What the task asks: Would you transcribe the records below from the line with "Leland is registered" to the line with "inside of large shower with robe", ends included, exactly and with nothing more, leaving the pictures out?

Stored records:
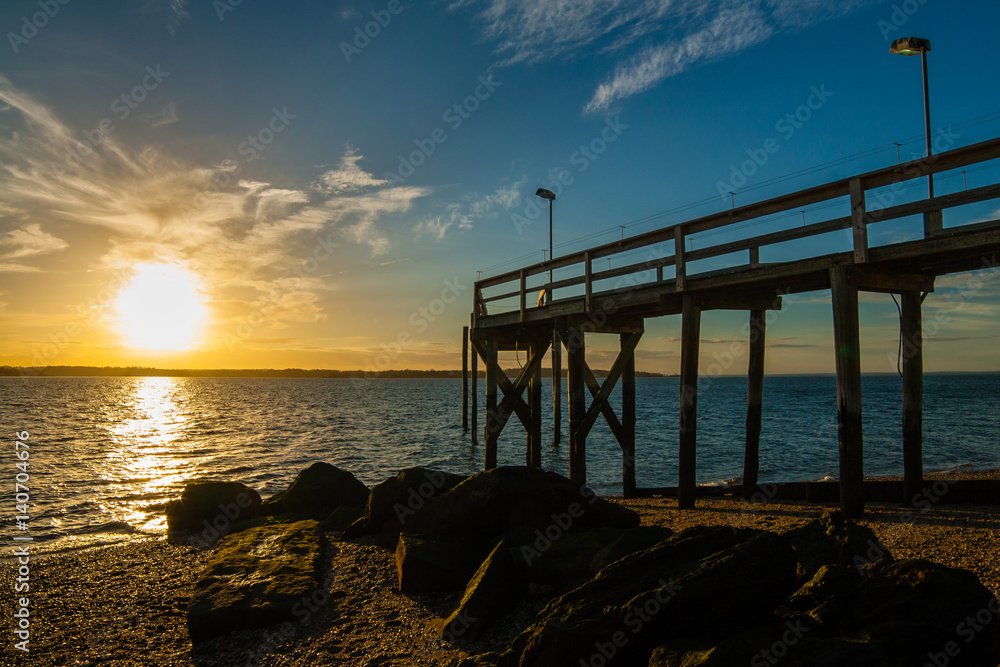 The setting sun with clouds in the background with a rocky beach, large algae-covered stones, and a wooden pier in the foreground. West Neck Beach in Huntington, NY, USA. The setting sun with clouds in the background with a rocky beach, large algae-covered stones, and a wooden pier in the foreground. West Neck Beach in Huntington, NY, USA.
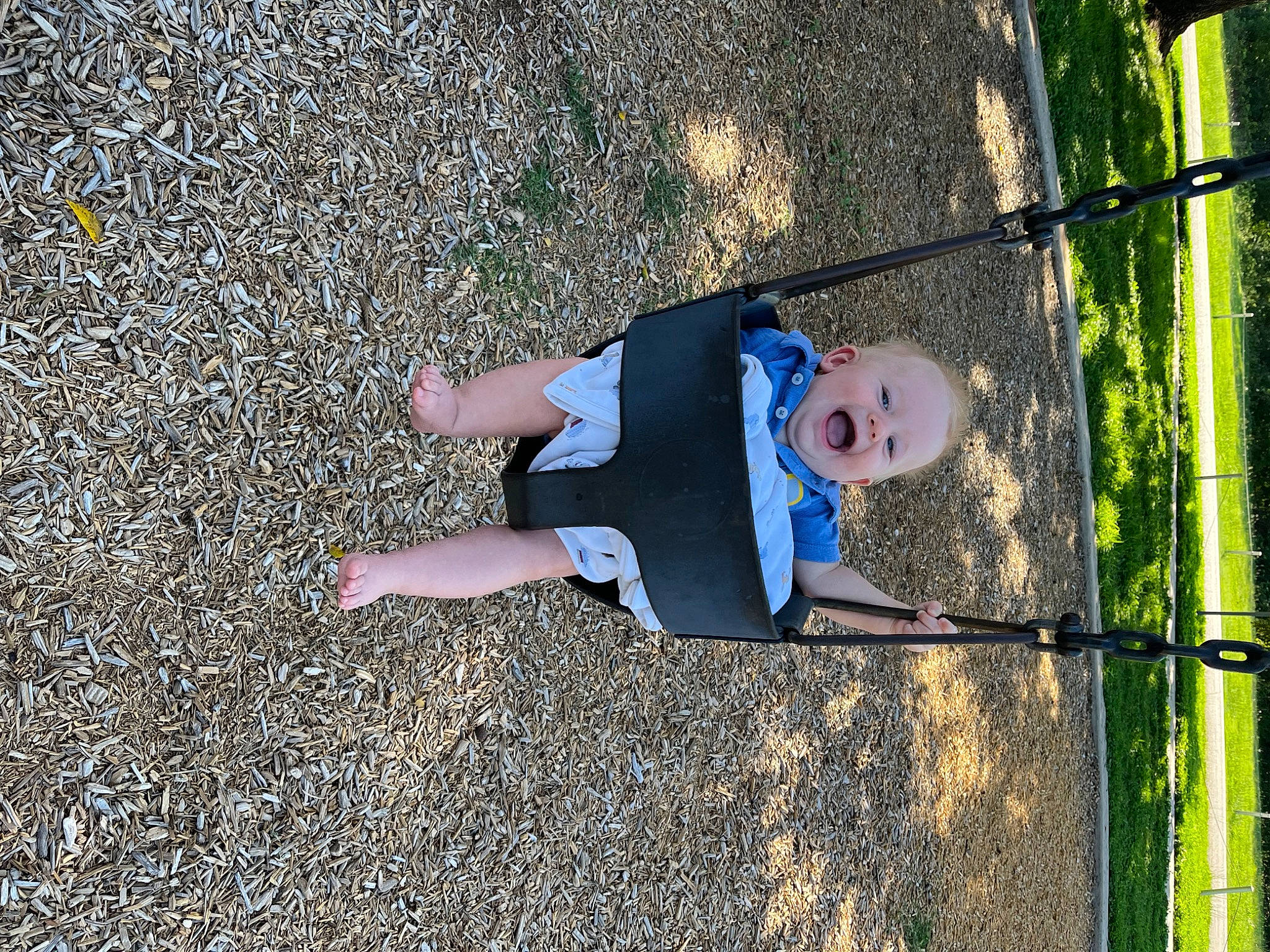 Leland is registered to the contest to win money with this photo: asphalt, child, concrete, electric_blue, fun, grass, hat, leisure, people_in_nature, person, recreation, road_surface, shadow, sidewalk, smile, soil, tar, toddler, toy, tree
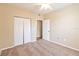 Cozy bedroom with ceiling fan and a closet with bifold doors at 5512 Metrowest Blvd # 203, Orlando, FL 32811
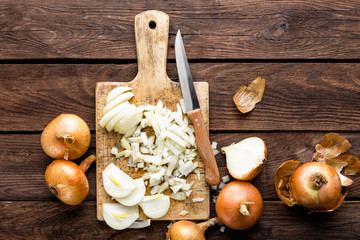 raw onion chopped on wooden board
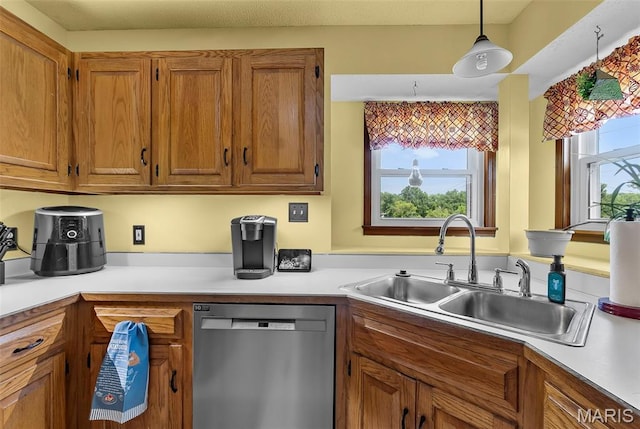 1802 Old Cape Rd, Jackson, MO 63755 - kitchen featuring stainless steel dishwasher, brown cabinets, and light countertops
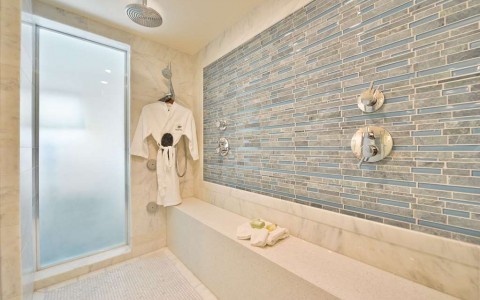 inside of large shower with robe 
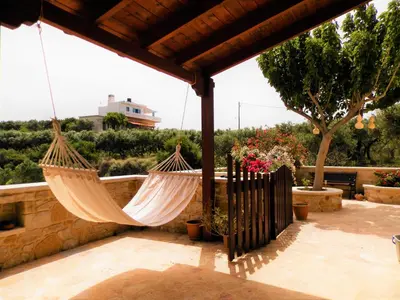 a patio with two hammocks hanging from a pergola at Villa Athina in Kissamos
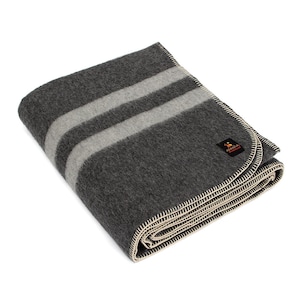 Peut inclure: Une couverture en laine grise avec deux bandes blanches. La couverture est pliée et a une bordure cousue de couleur crème. La couverture porte une petite étiquette avec le texte "Faribault Woolen Mill".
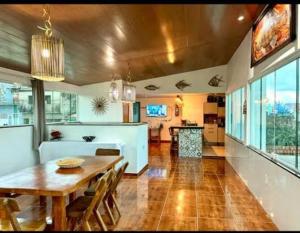 a living room with a wooden table and a dining room at Casa Maragogi 6 Quartos E Piscina in Maragogi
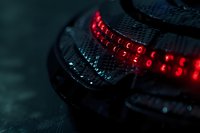 Red LED lights glowing in dark macro shot with selective focus, creating futuristic technological atmosphere for backgrounds and tech concepts.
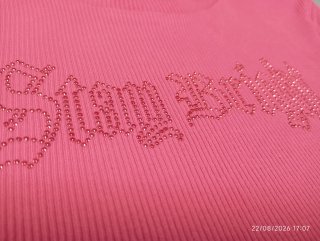 Top niña H&M rosa letras brillantes 14 años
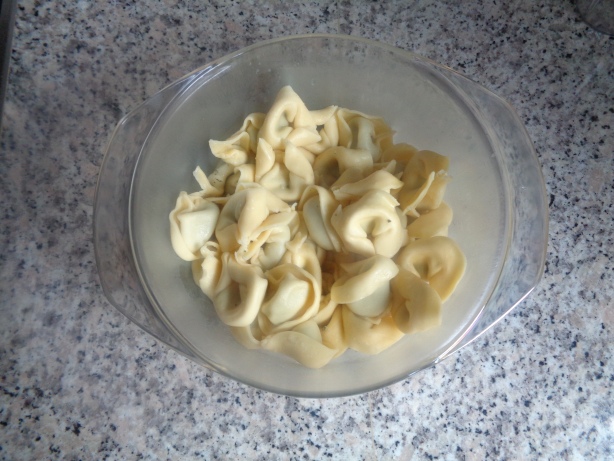 Add the tortellini in into the baking dish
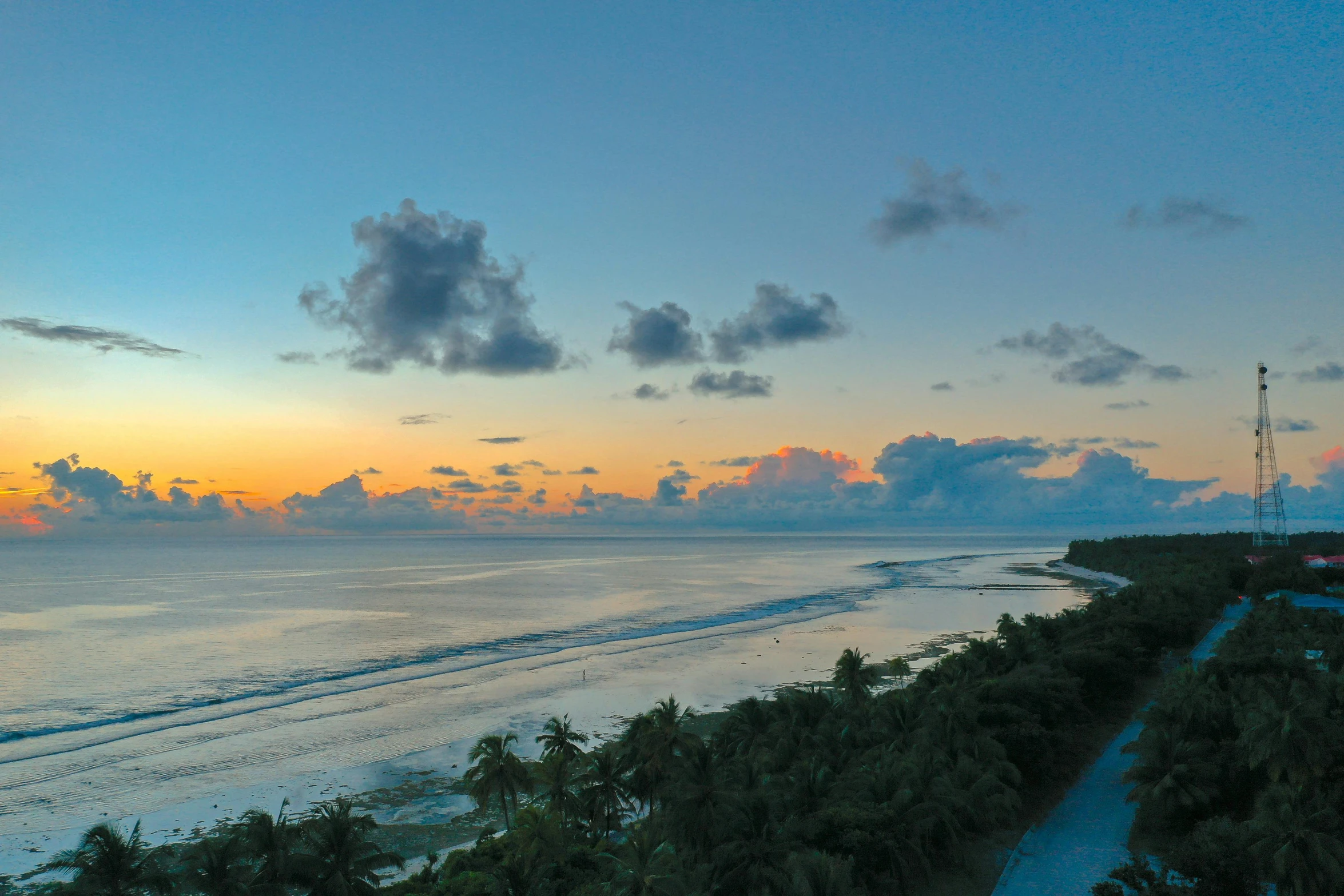 a beach at sunset, taken from a hill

Response:
 Leland is registered to the contest to win money with this photo: asphalt, child, concrete, electric_blue, fun, grass, hat, leisure, people_in_nature, person, recreation, road_surface, shadow, sidewalk, smile, soil, tar, toddler, toy, tree
 Cozy bedroom with ceiling fan and a closet with bifold doors at 5512 Metrowest Blvd # 203, Orlando, FL 32811
 raw onion chopped on wooden board
 1802 Old Cape Rd, Jackson, MO 63755 - kitchen featuring stainless steel dishwasher, brown cabinets, and light countertops
 inside of large shower with robe 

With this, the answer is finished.